He told The Hard Shoulder: "I'm born in 1968, and I was a child in the early to mid-70s when I was told about adoption.

"The pervading culture at the time was to ask nothing.

"Both of my parents were discouraged from knowing too much, it was almost as if Jane had given me up and now to create a bond between me and my adopted parents, it was best that we forget everything about my birth mother and just begin at the age I was adopted.

"I was very very young, I was three months old or so.

"It's almost a conspiracy of silence without naming it thus

"With the absence of information, the best my parents could do was give us a lovely, stable family home, give us all the opportunities they could.

"But what was missing, and it wasn't until I was a teenager, was those important questions that every human being asks of themselves and that is where did I come from, who did I come from."

Fionn said he went to the Catholic Protection and Rescue Society of Ireland seeking his records but was told he was not permitted to access them.

He said: "It was only when I started to get stonewalled that that was the beginning of my frustration and it took me nearly 20 years to get answers to those questions.

"I didn't get any answers from an official source, I got them from my birth mother and I was in my mid-30s when she began the process of tracing me."

The pair met and Fionn described the reunion as "warm but distant".

He said there was "no bitterness, no recrimination" but "polite exchanges of information".

Fionn added: "It was only after that that I started to truly understand the terrible rip that adoption actually can provoke.

'The state is complicit'

He said he has two main issues with the Bill on the Mother and Baby Homes which would seal confidential testimonies for 30 years.

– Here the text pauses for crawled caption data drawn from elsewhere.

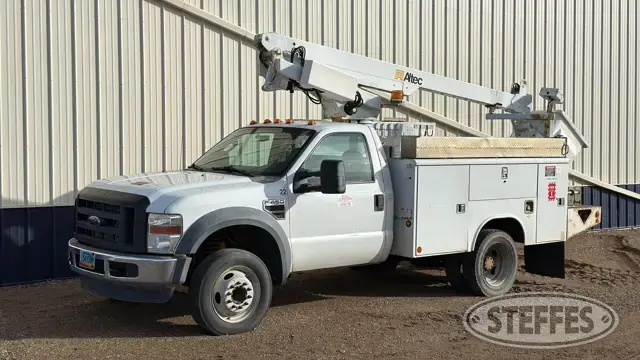 2008 Ford F-450 XL
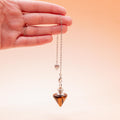 Tiger Eyes Pendulum - 23cm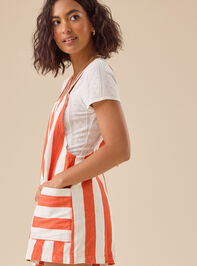 Maizey Striped Shortall Detail 3 - TULLABEE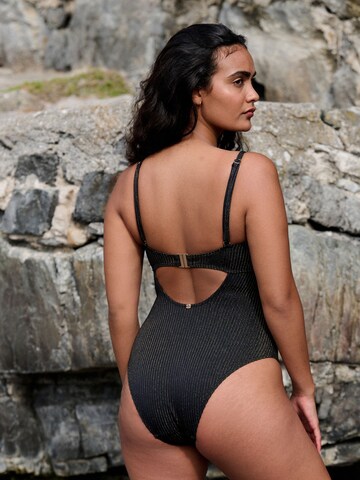 B by Ted Baker Badeanzug in Schwarz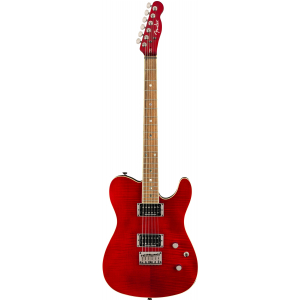 Fender Custom Telecaster FMT HH CRT Crimson Red Transparent gitara elektryczna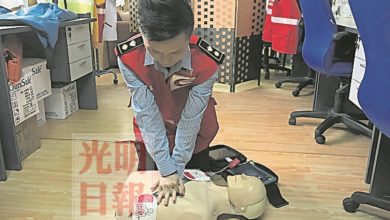 Photo of 伍俊炆：不怕用錯只怕旁觀 學CPR AED隨時救人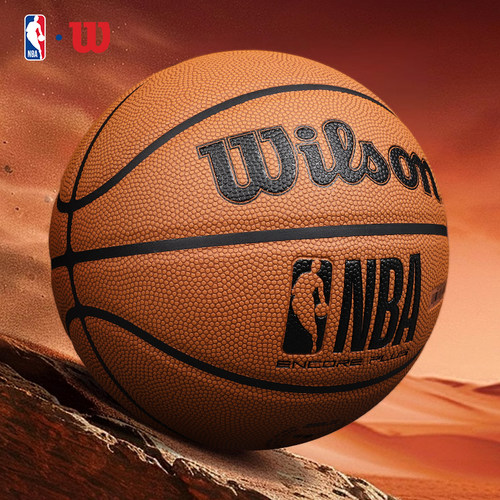 Wilson/威尔胜官方NBA绝尘系列7号PU室内外通用训练防尘PLUS篮球
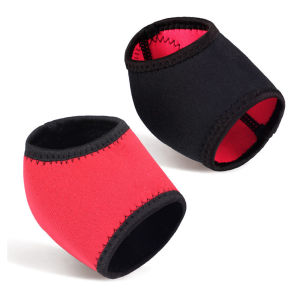 อุปกรณ์ป้องกันส้นเท้า รองรับโรคพังผืดฝ่าเท้า ปลอกหุ้มเท้า ให้ความชุ่มชื้น ป้องกันการสึกหรอ ป้องกันการแตกแห้ง ถุงเท้าครึ่งสั้น 1 คู่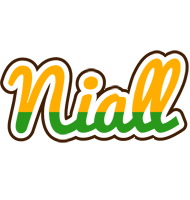 Niall banana logo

Fionn stated: "I am left perplexed to the point of bafflement that [the Government] rejected any suggested amendment put to them that would in fact pass a piece of legislation that would protect the anonymity of those who gave testimony to the Commission under the cover of anonymity while at the same time preserving the right of those many thousands of people who did give evidence to the Commission who want that story to be told in the open.

"My second problem with this is, despite reassurances by the Government that they're handing over a database of 60,000 names to Tusla so as they won't get destroyed, it creates a barrier between us the people who are directly affected by the Mother and Baby Home experience.

"I have to go to a social worker and ask permission for my records. Maybe they'll give them to me or maybe they won't.

"It also raises a bigger issue, the state is central to the work of the Commission in that it's not just the religious sector who were running these Mother and Baby Homes, the state is complicit."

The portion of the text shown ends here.